For datasets smaller than 10,000 molecules, refer to the applications section to decide clustering based on a specific application, or the small scale clustering section for other selection criteria. Please keep in mind that these are only general guidelines for choosing clustering method. It is recommended to consult academic literature to determine the best method for your use case.

Application-Based Clustering

Do you have a specific application in mind for clustering?

Small Scale Clustering

Do you want a specific number of clusters?

Does your dataset have a large number of outliers or lots of noise?

Do you want to have better control over the size of the largest cluster?

  • If yes, DBSCAN clustering allows you to choose a minimum or maximum size of the largest cluster.

Clustering Methods Overview

DBSCAN Clustering

The 2D and 3D DBSCAN clustering floes use scikit learn’s DBSCAN method to do clustering. DBSCAN stands for Density-Based Spatial Clustering of Applications with Noise. Unlike K-Medoids or hierarchical clustering, DBSCAN views clusters as areas of high density separated by areas of low density. For more details, refer to the sklearn documentation.

K-Medoids Clustering

The 2D and 3D K-Medoids clustering floes use scikit learn extra’s K-Medoids method. K-Medoids tries to minimize the sum of distances between each point and the medoid of its cluster. Its principal advantages are that it can produce the exact number of requested clusters, and that it is less sensitive to outliers than other methods of clustering including k-means and hierarchical clustering. For more details refer to the sklearn documentation on k-medoids.

Hierarchical Clustering

The 2D and 3D hierarchical clustering floes use scikit learn’s AgglomerativeClustering method to do clustering using a bottom up approach. Each member starts in its own cluster, and clusters are merged together in a series of merge steps that occur according to the linkage criteria that is selected. More details can be found in the scikit learn documentation .

Large Scale Clustering

With a large dataset, you have effectively three options for 2D or 3D clustering:

  1. Do you only need a diverse subset? Use the 2D or 3D Diverse Subset floe.
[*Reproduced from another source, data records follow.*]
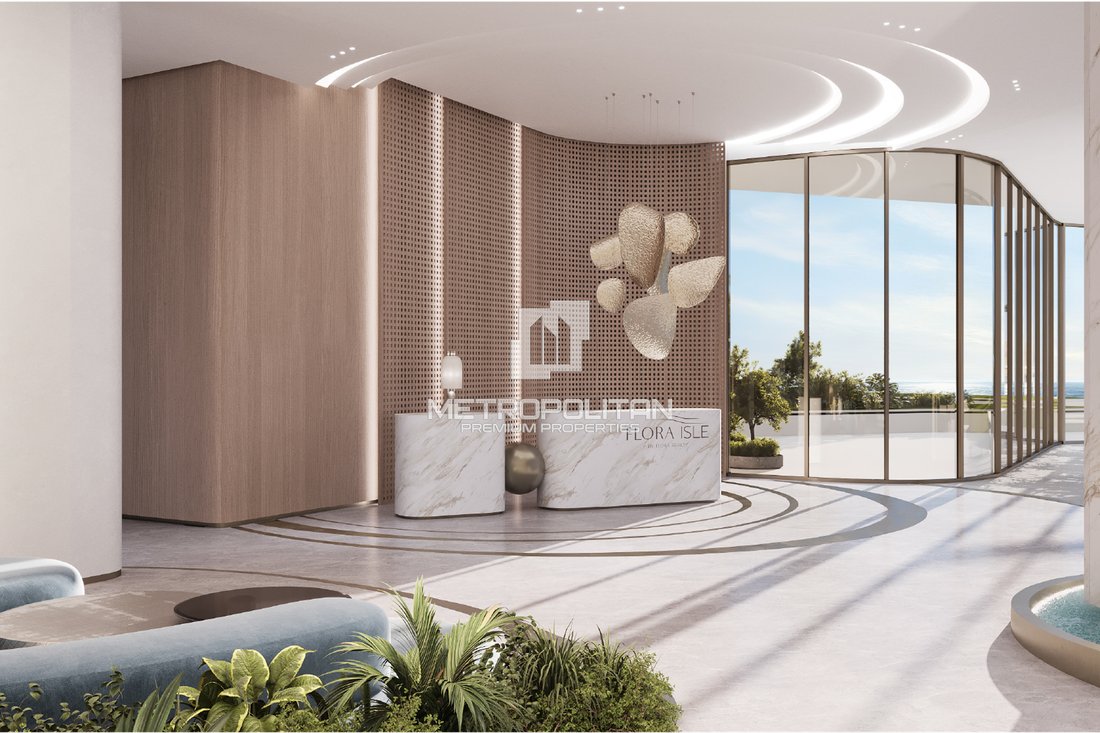 Apartamento en Dubai Islands, Dubái, Emiratos Árabes Unidos 3 - 18872605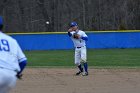 Baseball vs FSU  Wheaton College Baseball vs Framingham State University. - Photo by: KEITH NORDSTROM : Wheaton, Baseball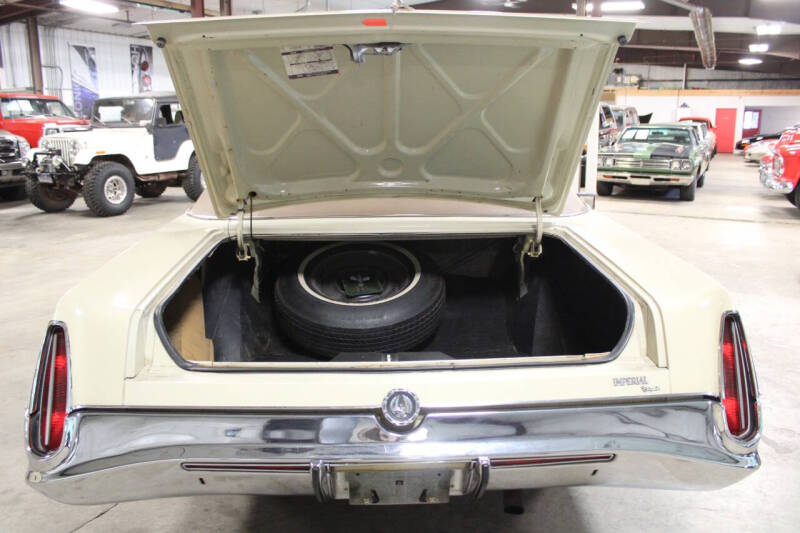 1972 Chrysler Imperial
  2. Do you have a hitlist, or another type of dataset that has a score for each molecule? Use the 2D or 3D Hitlist Clustering floe.

  3. If the answer to 1 and 2 is no, use the 2D or 3D Large Scale Clustering floe.

Hitlist Clustering

The 2D or 3D hitlist clustering floes take a large scale input dataset and require a float score field on each record. That score field will be used to direct clustering, and also be used to rank clusters in the clustering report, and provide information about average or best rank in each cluster. For more details, see the hitlist clustering tutorial.

Diverse Subset Floes

The 2D or 3D diverse subset floes take an input dataset, and select N members from that dataset with clustering, using sphere exclusion for large datasets, and k-medoids for small-scale clustering. For large datasets, large scale diverse subset may be significantly faster than clustering itself. For more details, see the diverse subset tutorial.

Large Scale Clustering

The large scale floes use the same method (directed sphere exclusion) as the diverse subset floe and the hitlist floe. Unlike the diverse subset floe, they also output cluster members. Unlike the hitlist clustering floe, they don’t require a score field to be used in clustering, or sorting output clusters. For more details, see the large scale clustering tutorial.